Shared stochastic-computing kernels and mixed-precision dispatch, factored out of scmp_llm and vit_sc.
scmp_kernels/
├── sc/ # Stochastic-computing kernels (Triton) ← migrated
├── mp/ # Mixed-precision dispatch + config (placeholder)
├── qwt/ # QwT compensation (placeholder)
└── sensitivity/ # Per-(op, block) sensitivity tools (placeholder)
import torch
from scmp_kernels.sc import sc_matmul
a = torch.randn(128, 1024, device="cuda")
b = torch.randn(512, 1024, device="cuda")
# Per-row quantization (most common — used by all linear/MLP paths)
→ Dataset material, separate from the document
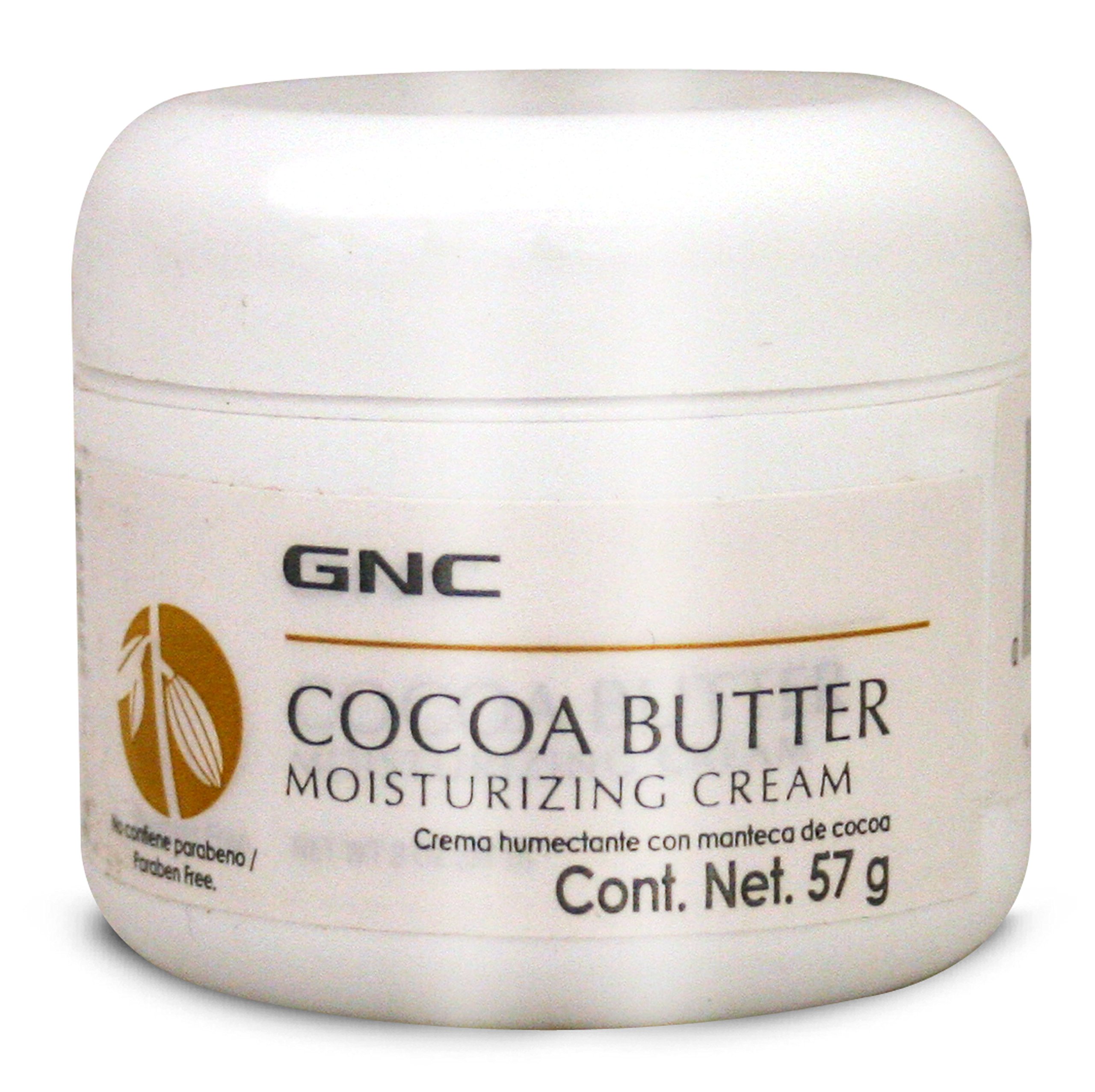 GNC Aloe Vera Moisturizing Cream 2 OZ Health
y = sc_matmul(a, b, granularity="per_row", sc_prec=8)
# Per-tensor quantization
y = sc_matmul(a, b, granularity="per_tensor", sc_prec=8)
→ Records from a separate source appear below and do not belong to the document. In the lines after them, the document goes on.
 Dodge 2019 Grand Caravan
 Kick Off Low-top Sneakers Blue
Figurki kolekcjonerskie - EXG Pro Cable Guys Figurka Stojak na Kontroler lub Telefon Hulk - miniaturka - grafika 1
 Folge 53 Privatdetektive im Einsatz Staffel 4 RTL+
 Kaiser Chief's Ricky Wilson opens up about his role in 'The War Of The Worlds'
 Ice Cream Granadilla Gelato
# Per-head batched (QK attention pattern)
q = torch.randn(16, 196, 64, device="cuda") # (BH, N, D)
k = torch.randn(16, 196, 64, device="cuda")
y = sc_matmul(q, k, granularity="per_head", sc_prec=8)
# MLP fast path: per-row + chunk_d on wide D
y = sc_matmul(a, b, granularity="per_row", chunk_d=72, sc_prec=8)sc_matmul(a, b,
granularity: "per_tensor" | "per_row" | "per_head" = "per_row",
mode: "bipolar" | "unipolar" = "bipolar",
sc_prec: int = 8,
stoc_len: int | None = None, # default 2 ** sc_prec
chunk_d: int = 0, # only valid for granularity="per_row" + mode="bipolar"
config: dict | None = None, # Sobol config; auto-built if None
) -> torch.Tensor
chunk_d > 0 requires granularity="per_row" and mode="bipolar". Other combinations raise ValueError.
Not yet migrated. The empty mp/, qwt/, sensitivity/ packages reserve the namespace.